Ready for a more serious blog? Probably. Here’s just a little bit of what I’m pondering and hearing from the Lord.
I have a new goal.
No Blank Pages.
I suppose you could look at blank pages in two different ways. Some people might say, “Wow, it’s so exciting to look at your life and see that it’s blank. The rest is still unwritten. You have the freedom to choose what tomorrow is all about.”
*insert mental soundtrack: “Unwritten” by Natasha Bedingfield*
That’s good. I like that thought. I want to live my life with arms wide open, knowing today is where my book begins, and the rest is still unwritten.
God is talking to me about blank pages, but this isn’t perspective He’s taking on “my blank pages.” Have you ever hit a stride and found life, for this point in time, is easy to manage. Maybe you’ve just broken through a tough spot, powered through a busy season, disciplined yourself to make some big changes, and now you’re cruising.
It’s not like you’re looking to coast through life. You definitely have lived long enough to know the ebbs and flows and that some kind of transition is probably around the corner. But right now, after the place you’ve just come from, the ease and oh-so-natural day-to-day life is really good. Sometimes it’s like a little reprieve, and you can just bask in the enjoyment of how smoothly things seem to be going.
Sounds really nice huh? It was nice until I stopped to pray one night before bed. I paused for a minute to let God speak at the close of another great day, and I heard His familiar voice. I even pictured what the face-to-face conversation would have been like.
He smiled first of all. It wasn’t this “smirky” kind of smile that secretly said, “You don’t have a clue what I’m about to unload on you.” God’s not like that. It was more of a smile that said, “Oh sweet Ashley, let me just help you out a little bit with this because I love you soooo much.”
I respond with an open heart and arms when He comes to me like that. I heard Him say, “What was today all about? What’s the thing that we could write down in this awesome story of My Kingdom from all that you’ve experienced and done today?”
Blank. It was a blank page. My college football games, my fun night out with friends, my yummy and healthy supper I created, and my clean laundry and room didn’t add much to the exciting and awesome story of the Kingdom. There wasn’t any condemnation like, “Hey… why isn’t poverty over because of what you’ve done today? Why aren’t the sex slaves held captive around the world freed by all that you’ve done today?” It wasn’t condemning.

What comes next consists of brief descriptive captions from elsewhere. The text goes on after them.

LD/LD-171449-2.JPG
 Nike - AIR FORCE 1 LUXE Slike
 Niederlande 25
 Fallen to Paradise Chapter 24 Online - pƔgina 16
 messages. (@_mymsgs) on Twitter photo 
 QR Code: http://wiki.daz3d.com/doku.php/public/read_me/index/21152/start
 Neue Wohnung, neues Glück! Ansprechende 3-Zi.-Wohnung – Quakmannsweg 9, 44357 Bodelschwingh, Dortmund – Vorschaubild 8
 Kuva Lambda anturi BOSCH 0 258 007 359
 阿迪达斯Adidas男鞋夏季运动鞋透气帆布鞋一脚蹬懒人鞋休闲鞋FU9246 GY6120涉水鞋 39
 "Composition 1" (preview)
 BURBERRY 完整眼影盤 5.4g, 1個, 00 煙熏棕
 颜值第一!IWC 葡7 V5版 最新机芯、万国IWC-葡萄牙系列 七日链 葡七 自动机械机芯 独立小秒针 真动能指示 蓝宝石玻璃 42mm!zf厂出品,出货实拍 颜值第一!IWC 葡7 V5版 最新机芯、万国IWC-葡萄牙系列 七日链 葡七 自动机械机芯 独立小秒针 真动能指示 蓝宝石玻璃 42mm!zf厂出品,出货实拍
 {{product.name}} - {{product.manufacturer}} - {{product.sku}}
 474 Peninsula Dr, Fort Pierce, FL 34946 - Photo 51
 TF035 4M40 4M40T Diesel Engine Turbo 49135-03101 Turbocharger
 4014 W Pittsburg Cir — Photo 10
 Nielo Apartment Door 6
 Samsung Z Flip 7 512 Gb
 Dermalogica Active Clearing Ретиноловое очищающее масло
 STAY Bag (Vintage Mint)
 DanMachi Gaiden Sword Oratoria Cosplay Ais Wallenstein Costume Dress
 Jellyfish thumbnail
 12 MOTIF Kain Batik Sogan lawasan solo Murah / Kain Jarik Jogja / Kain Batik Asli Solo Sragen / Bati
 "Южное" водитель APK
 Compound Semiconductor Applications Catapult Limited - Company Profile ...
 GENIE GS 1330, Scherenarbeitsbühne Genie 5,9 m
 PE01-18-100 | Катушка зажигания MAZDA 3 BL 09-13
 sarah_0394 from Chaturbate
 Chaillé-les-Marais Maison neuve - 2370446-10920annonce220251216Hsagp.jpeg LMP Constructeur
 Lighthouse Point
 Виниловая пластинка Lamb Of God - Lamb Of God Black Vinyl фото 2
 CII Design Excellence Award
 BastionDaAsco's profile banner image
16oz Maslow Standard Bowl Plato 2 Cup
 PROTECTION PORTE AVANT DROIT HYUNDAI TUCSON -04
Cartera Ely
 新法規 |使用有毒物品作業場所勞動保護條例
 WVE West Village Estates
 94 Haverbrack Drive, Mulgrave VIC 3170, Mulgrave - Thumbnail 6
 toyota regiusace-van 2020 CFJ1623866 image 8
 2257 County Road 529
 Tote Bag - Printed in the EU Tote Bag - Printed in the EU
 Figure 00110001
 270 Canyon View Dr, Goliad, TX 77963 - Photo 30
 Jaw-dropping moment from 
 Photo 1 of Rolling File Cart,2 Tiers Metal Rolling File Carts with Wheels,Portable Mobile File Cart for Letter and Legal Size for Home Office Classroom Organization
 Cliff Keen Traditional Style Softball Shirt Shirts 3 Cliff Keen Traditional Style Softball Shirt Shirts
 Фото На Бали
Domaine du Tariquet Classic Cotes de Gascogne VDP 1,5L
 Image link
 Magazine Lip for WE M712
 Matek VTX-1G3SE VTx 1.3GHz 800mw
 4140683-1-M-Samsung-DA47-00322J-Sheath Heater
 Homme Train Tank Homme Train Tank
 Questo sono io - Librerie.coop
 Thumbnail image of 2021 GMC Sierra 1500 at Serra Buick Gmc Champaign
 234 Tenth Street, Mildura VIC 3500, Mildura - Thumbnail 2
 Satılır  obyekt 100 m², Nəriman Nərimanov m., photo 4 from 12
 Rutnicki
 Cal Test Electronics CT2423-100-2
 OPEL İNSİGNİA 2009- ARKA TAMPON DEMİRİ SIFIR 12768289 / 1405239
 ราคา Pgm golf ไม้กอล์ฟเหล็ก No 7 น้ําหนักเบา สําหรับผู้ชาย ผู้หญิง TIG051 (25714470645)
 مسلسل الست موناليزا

But it was challenging. Nothing I did during the day would have had any effect on any of those things. A short thought or prayer or something would have been better than the blank page I had left unwritten. And now the page was turning, and a new day was starting. That page is left blank forever. I can’t get back that day and make it count for something bigger than myself… to make it count for the Kingdom. I left a big, fat, empty, bland, blank page.
I’m don’t feel like God was saying, “Hey… quit enjoying this season of life! Stop with the mundane, don’t do anything for anybody else, kind of life.” At least, God wasn’t yelling that out and pointing a big finger in my face and trying to make me feel bad enough to change. He asked me some questions, and the answers… well… I could be more conscious, more active, more intentional. My ease of life shouldn’t mean that I exclude those prayers, actions, and intentionality that grows the Kingdom… it should mean that I have a bit more margin for all of it. Without the hard times, the stress, the busyness, it should be that I am filling the pages rather than leaving them blank.
It was a definite moment of “Oh man. Shoot. Look what just happened?!?” You know, the eyes wide open in recognition kind of moment. But God just said, “It’s okay, I’m still King of the day that has passed by and I’m King of all tomorrows. Just know that you have a chance to write in the bigger story of all that is happening, and blank pages aren’t that great of a read. Try not to leave so many blank pages.”
Not condemning, just challenging. No more blank pages. Like Jack from Titanic, “To making each day count.” (yeah I went there.)
Hopefully this blog doesn’t make you feel guilty or bad about whatever you’re doing with life. Hopefully it makes you stop and think about what more you could be doing.
Hopefully it spurs you to be a bit more conscious of the part you play in the story, so you can make sure you add a great page to the Kingdom story today.
Hopefully there aren’t any blank pages.